Increased Recognition of Cybersecurity Spurs Investment, but May Ignore Internal Risk

Featured article by Grayson Kemper is a Content Developer at Clutch

First, there was WannaCry. Then NotPetya. Now, it’s Equifax.

Parliamentary staff members, the Democratic National Convention, and Hillary Clinton’s campaign were all hacked in the past year.

The recent global cybersecurity history is pockmarked with incidents that have grabbed global headlines, produced outrage, and caused political strife.

What’s more, the cyberattacks listed above are distinct in their size, source, and categorization. WannaCry and NotPetya were large-scale ransomware attacks. Equifax suffered a breach from hackers exploiting an outdated patch in their web application framework. And, Parliament, the DNC, and the Clinton campaign were all penetrated through email phishing scams.

These incidents ultimately illustrate shifting attitudes on cybersecurity. Cyberattacks are no longer incidents, but events, and the coverage and attention they receive demonstrate both the constant presence and growing public awareness of cybersecurity issues.

Omnipresence of Cyber Threats

The FBI reports that since the beginning of 2016, approximately 4,000 cyberattacks occur daily.

“Attacks are eye-opening for companies of all sizes, but in particular for larger companies,” said Tom DeSot, CIO of cybersecurity firm Digital Defense, in a recent Clutch cybersecurity survey.

WannaCry, for example, caused approximately $8B worth of damage worldwide, while Equifax exposed personal information of over 100 million people. If those numbers don’t open companies’ eyes, it’s hard to imagine what will.

Investing in Cybersecurity Technology Protects From External Threats

Cybersecurity events initiate a reactionary chain of events that drive companies to recognize cyber concerns: the higher the stakes of a cybersecurity event, the more attention they receive, which leads to more pressure on companies, particularly large companies and enterprises, to shore up their cyber defenses

Clutch’s survey indicates that 70% of large US companies plan to invest more in cybersecurity over the next year. Companies also say that protection from external threats is the primary benefit of a cybersecurity policy. Thus, investing in cybersecurity represents means to increase protection from malicious external attacks.

“Companies that invest more in cybersecurity can afford to hire in-house resources or a cybersecurity company to combat cyber threats,” the survey reads.

In fact, one-third of the respondents said investing more in technology will improve cybersecurity policy the most of any particular measure or policy revision.

Internal Vulnerabilities: Human Error

However, increasing technology investment may not be the most effective method to ensure cybersecurity. As opposed to technology investments meant to keep pace with the evolving cybersecurity landscape, examining simple, internal gateways may best defend contemporary cyberattacks.
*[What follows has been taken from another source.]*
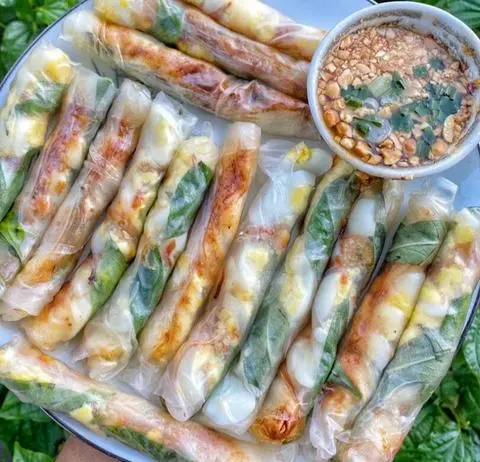 Hình ảnh Bánh Tráng Cuốn Lắc Tóp Mỡ 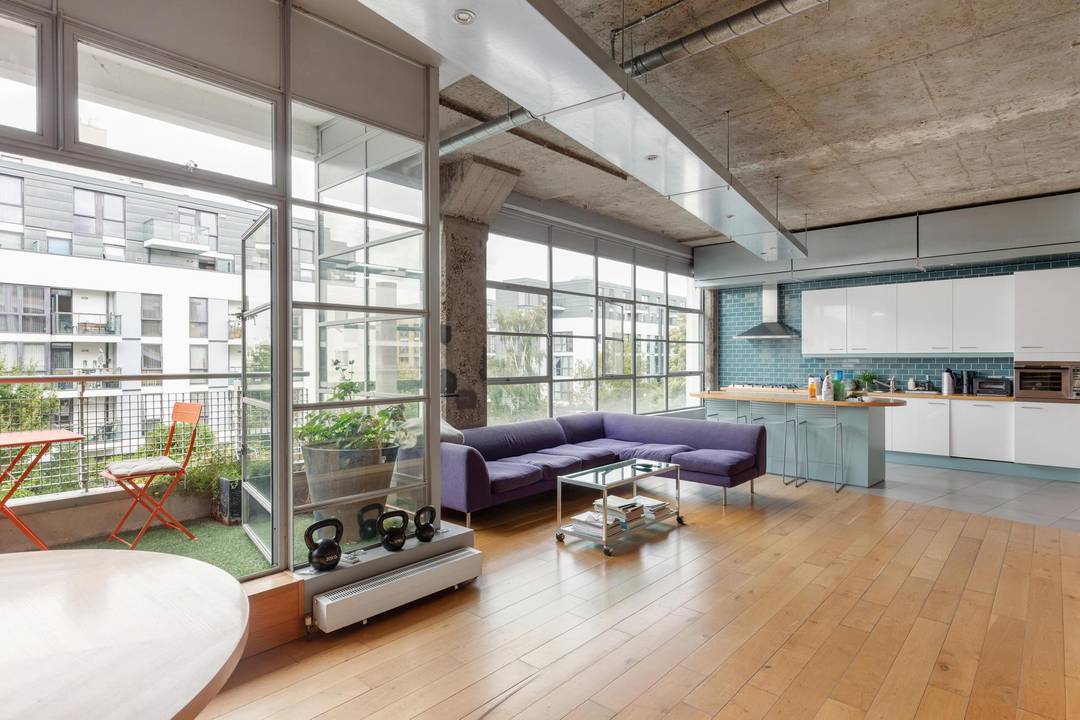 CANAL-FACING 2 BED WAREHOUSE LOFT WITH WATER VIEWS, PRIVATE BALCONY & PARKING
According to Symantec’s 2017 State of Internet Security (link),

While cyber attacks managed to cause unprecedented levels of disruption, attackers frequently used very simple tools and tactics to make a big impact. Zero-day vulnerabilities and sophisticated malware now tend to be used sparingly and attackers are increasingly attempting to hide in plain sight. They rely on straightforward approaches, such as spear-phishing emails and “living off the land” by using whatever tools are on hand, such as legitimate network administration software and operating system features.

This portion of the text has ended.